January 2008 – codefork.com

The Lifespan of Software

Rumors of Chandler’s Death Are Greatly Exaggerated. So says the renowned Phillip J. Eby.

In light of all the damning media scrutiny paid to Chandler in recent years, Phillip makes an excellent point: the project funded work on a bunch of important open source python libraries. I didn’t realize this—it drastically changed my regard for the OSAF‘s work. If this aspect of the project got mentioned more, I think Chandler would get a lot more respect. Even if Chandler 1.0 never sees the light of day, it’s already made major contributions to the python community.

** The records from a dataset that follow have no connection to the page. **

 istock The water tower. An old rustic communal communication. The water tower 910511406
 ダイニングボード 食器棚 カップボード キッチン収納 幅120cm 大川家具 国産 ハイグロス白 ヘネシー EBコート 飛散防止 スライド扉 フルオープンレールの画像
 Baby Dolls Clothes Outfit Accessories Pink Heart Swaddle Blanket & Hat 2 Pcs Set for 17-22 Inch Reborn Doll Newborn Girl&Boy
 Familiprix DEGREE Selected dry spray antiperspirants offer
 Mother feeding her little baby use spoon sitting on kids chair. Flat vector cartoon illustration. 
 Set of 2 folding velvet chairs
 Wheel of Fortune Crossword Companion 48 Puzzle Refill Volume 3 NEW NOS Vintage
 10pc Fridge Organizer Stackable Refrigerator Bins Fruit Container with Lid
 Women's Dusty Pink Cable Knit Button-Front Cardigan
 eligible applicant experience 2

Proprietary software has a definite lifespan: once a company has stopped developing and supporting it, that’s the end. For the company, value is localized and non-transferable in the closed source code base. The business model of selling software depends on this. Once the company kills off the product, the value more or less disappears. You can still use it, of course, but it will decrease in value as similar, hopefully better products appear on the market.

The value of open source software, on the other hand, isn’t limited to its immediate use. Even if an application is no longer actively used and maintained, the code can spark ideas, be used to fork a new project, serve as a lesson in design, etc. Its value can be perpetually renewed by virtue of the fact that it circulates in different ways. If it’s large enough, like Chandler or Zope, it can spawn mini-projects, components, and libraries for reuse.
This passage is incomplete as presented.